Let's look carefully at the election results from Iran.
When given a chance, it appears that Iranians voted for moderation on Friday.
That is the headline here. Candidates described as moderate or moderate-conservative won most of the seats in Iran's Parliament.
So-called hardline candidates who opposed Iran's recent nuclear deal with the West were thrown into the minority.
But that headline may not mean exactly what it seems. Let's talk this through with Thomas Erdbrink,
who is Tehran correspondent for The New York Times. Welcome back to the program.
THOMAS ERDBRINK: Thanks for having me, Steve.
INSKEEP: First, help me understand this. We're told moderates won over the weekend.
But we'd previously been told that many people who wanted reform in Iran had been kept off the ballot entirely in these Parliamentary and other elections.
ERDBRINK: Well, that's actually absolutely true. And what that means is that those people calling for major change in this country are not participating in these elections.
The people that are participating under the banner of reforming might have sympathies for the real original reformist agenda.
It doesn't mean that Iran is now on the dawn of sweeping change.
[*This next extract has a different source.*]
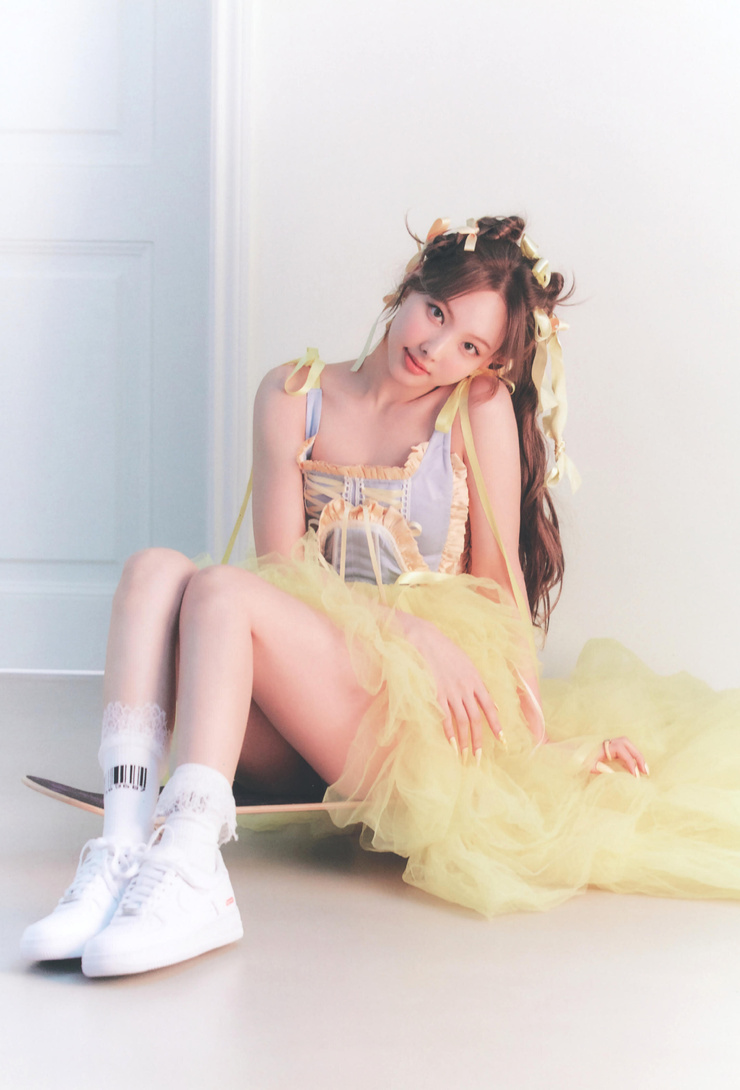 Im Nayeon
INSKEEP: OK, so you're saying that people who wanted big change in Iran weren't even on the ballot.
But the people who appear to be winning are those who are more — what's the word for them really, pragmatic, centrist, something else?
ERDBRINK: I guess that would cover it — pragmatic, centrist. It's always hard to label people here.
There are people who are hardliners on certain issues but would be open to economic reforms.
Does that make them a moderate? At the same time, they might be saying the hijab,
the Islamic headscarf, is obligatory. And they might propose to have police controls to check women to do that.
So these labels are very, very complicated. I guess the also message is Iranians have voiced their interest in change.
They clearly want this. But the leaders they have chosen are not that prone to making radical changes.
INSKEEP: OK, so what does all of this mean for President Hassan Rouhani, the man who made the nuclear deal with outside powers in recent months?
ERDBRINK: Well, it does feel that the political faction that will support him at least on economical issues will gain in strength.
So of course, the sanctions have been lifted in January. Again, Iran's president Rouhani has been propagating to open up the economy.
This strong minority can help him in achieving that. At the same time, hardliners will try to oppose such changes.
So it is definitely not some kind of blank check for President Rouhani.
INSKEEP: So if we're looking for change in Iran, it would be economic change,
opening up the economy and not necessarily changes in the freedom of expression or the rules for women or anything else.
ERDBRINK: I think that laws have proven very hard to be altered here in the Islamic Republic of Iran since the revolution.
And it will be quite a while before we see changes in that. But you're right; at the same time, the economy should open up.
It's absolutely necessary. I'm here now in the ministry of interior, which really looks like it could use a complete overhaul.
That's just the impression you get when you visit many Iranian government sites but also industrial sites.
They need to get the economy going. That will be Mr. Rouhani's priority,
and it will also be the priority of those who support him possibly in the future in Parliament.
INSKEEP: What do you mean the building you're in looks like it needs renovation?
ERDBRINK: Yeah, it needs quite a bit of renovation. I guess it's from 40 years ago.
Part of it has been painted, but yeah, it's just symbolic for a lot of the state of the industry, government offices and so on.
And so the whole country needs an overhaul. And, you know, President Rouhani should be the one who OKs that.
INSKEEP: Thomas, thanks very much. Always a pleasure talking with you.
ERDBRINK: Thank you, Steve.
INSKEEP: Thomas Erdbrink is a reporter for The New York Times in Tehran.